In the meanwhile I have finished a collection of 30-40 B/W prints about 40x60 cm, which are waiting only to be exhibited. I have also begun a long and slow work for an exhibition on Venice, and I am also preparing a new collection of images devoted to the mountains. On 2001, a relatively quiet year, I exhibited some gum dichromate prints at the collective exhibition of the Rodolfo Namias Group in Vicenza.
The subjects
I have always been attracted from the nature, and so most of my pictures, taken especially in the mountains, reproduce landscapes and natural particulars. As regards flowers, I ever tried to classify them, by means of not only scientific books, but also asking to some friends of mine, more experts than me.
In particular, "Notes of an Hiker", "Tramping" and "Project for a book" contain an hundred of pictures of Dolomites; "Allegro, adagio, allegro" is almost interely devoted to alpine flora and naturalistic of Dolomites aspects, and at last "On the Thread of a Dream" avails of the particular mountain atmospheres to let ourselves enchanted read those images.
The places
Almost all the pictures taken in the mountains refer to Cadore (a geographic region in the Northwestern Italian Alps), a region that one can easily reach also by train.
In particular, the preferred area is that surrounding Cortina d'Ampezzo and San Vito di Cadore.

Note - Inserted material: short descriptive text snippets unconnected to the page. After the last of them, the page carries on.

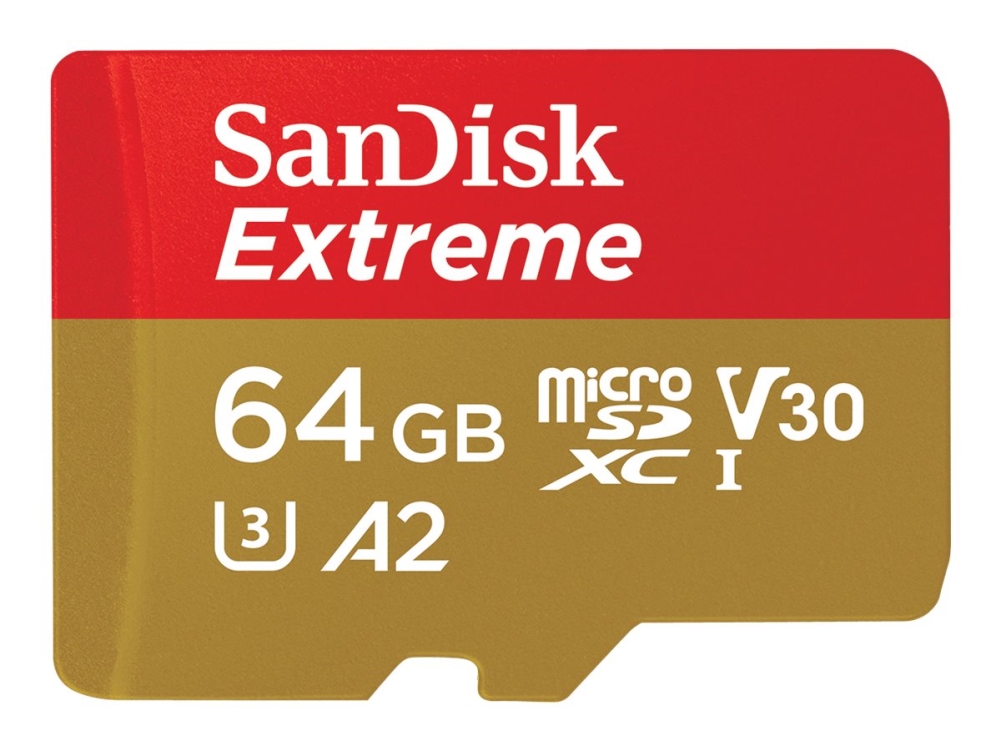 Extreme Flashhukommelseskort (microsdxc Til Sd Adapter Inkluderet) 64 Gb A2 Video Class V30 Uhs I U3 Class10 Microsdxc Uhs I fra Sandisk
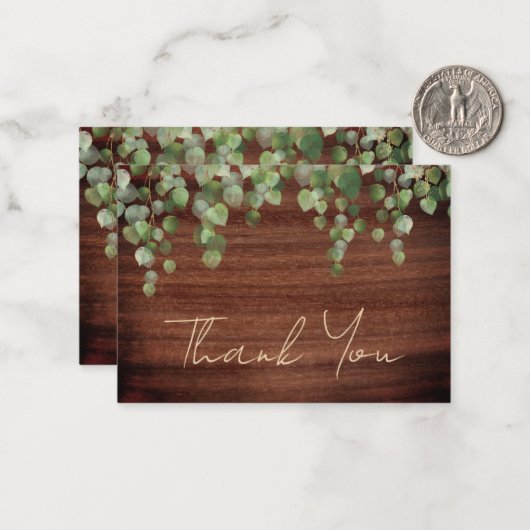 Budget Rustic Wedding Greenery Dank u Notitiekaartje (Voorkant / Achterkant in situ)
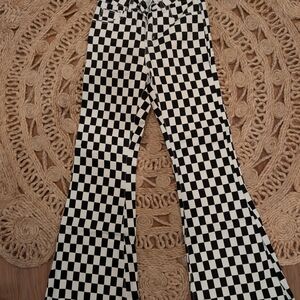 Checkered Black and White Pants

In the images that I present you can meet the main Dolomitic groups (Antelao, Tofane, Cinque Torri, Cristallo, Sorapiss, Cadini di Misurina, Tre Cime di Lavaredo, Paterno, ecc.), also seen from less known angle-shots.
However, I have also a good archive of pictures of Venice Lagoon, mainly of its northern part, and, obviously, of Venice itself.
The techniques
For a long time, I use only slides that I print by myself.
I used a lot the 50 ISO Agfachrome Professional, till from it first incoming on the market, because it was possible to develop it also at home with a little of attention to the temperature (1/5 Celsius degree of tolerance). I use also Velvia and Provia, mostly for macro.
I gained a solid experience on B/W, and I like a lot the creative works in the darkroom.
Recently I began to discover the expressive potentials of the alternative (or "ancient") techniques and of the digital manipulation, that I like to use without twisting the original image content.
NOTE:
For reasons of amount of the available space, I have chosen not to offer the possibility of enlarging all the images.
Instead, I tried to show all the exhibitions as differently as possible, so avoiding that they look like a "collection of stamps".